One commented: “If GTT do go Chapter 11 [bankruptcy protection], that may well put a definitive spanner in the works regarding a sale of their principal assets.”
A normally well-informed source seemed to think that ISQ was still considering the acquisition “and its detailed engineering”.
One option, of course, is that if GTT went into bankruptcy protection, ISQ would be in a position to take over the infrastructure operations in a fire sale. But so would any other potential buyer.

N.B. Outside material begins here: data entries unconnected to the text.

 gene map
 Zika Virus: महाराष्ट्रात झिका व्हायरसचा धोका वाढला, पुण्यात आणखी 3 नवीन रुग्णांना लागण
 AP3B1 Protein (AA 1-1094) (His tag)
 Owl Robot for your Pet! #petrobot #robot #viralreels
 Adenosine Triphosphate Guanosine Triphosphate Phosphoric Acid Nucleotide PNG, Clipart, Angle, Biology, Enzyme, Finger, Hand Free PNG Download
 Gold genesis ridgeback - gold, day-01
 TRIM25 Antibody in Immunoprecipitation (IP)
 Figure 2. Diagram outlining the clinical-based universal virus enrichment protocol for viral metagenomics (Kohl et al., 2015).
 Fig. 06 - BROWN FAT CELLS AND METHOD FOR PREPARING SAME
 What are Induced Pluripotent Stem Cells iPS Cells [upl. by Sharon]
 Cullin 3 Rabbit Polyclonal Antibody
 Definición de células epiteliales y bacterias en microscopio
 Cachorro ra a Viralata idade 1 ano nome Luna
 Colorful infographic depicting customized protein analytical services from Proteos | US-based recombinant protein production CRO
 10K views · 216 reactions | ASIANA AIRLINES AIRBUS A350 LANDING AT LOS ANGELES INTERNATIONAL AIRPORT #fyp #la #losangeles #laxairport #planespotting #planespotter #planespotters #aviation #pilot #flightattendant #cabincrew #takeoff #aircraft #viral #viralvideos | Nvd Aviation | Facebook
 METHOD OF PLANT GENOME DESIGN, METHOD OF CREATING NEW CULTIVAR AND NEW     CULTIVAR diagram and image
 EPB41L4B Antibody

GTT put its infrastructure on the market a year ago, after a series of acquisitions, totalling $2.95 billion over two and a half years, led to its share price peaking on 16 March 2018 at $60.25 — nearly 22 times yesterday’s closing price.
In the October deal, ISQ planned to buy GTT’s 103,000 route-km fibre network with over 400 points of presence, covering 31 metro areas and interconnecting 103 cities across Europe and North America; three transatlantic subsea cables, including GTT Express, formerly Hibernia Express, which GTT said was “the lowest latency route between Europe and North America”; fourteen Tier 3 data centres and over 100 colocation facilities; and KPN International, its final acquisition, a carrier that used Interoute fibre.
ISQ partner Mohamed El Gazzar told Capacity in an exclusive interview, hours after the deal was announced in October 2020, that the investor had extensive plans to expand the network, reaching smaller cities.
Earlier this year Andrew Kwok, CEO of HGC Global Communications, told Capacity in an interview that “ISQ is in a pretty good mood about investing in infrastructure. We are so proud that we [HGC] were the first [carrier in ISQ’s portfolio].”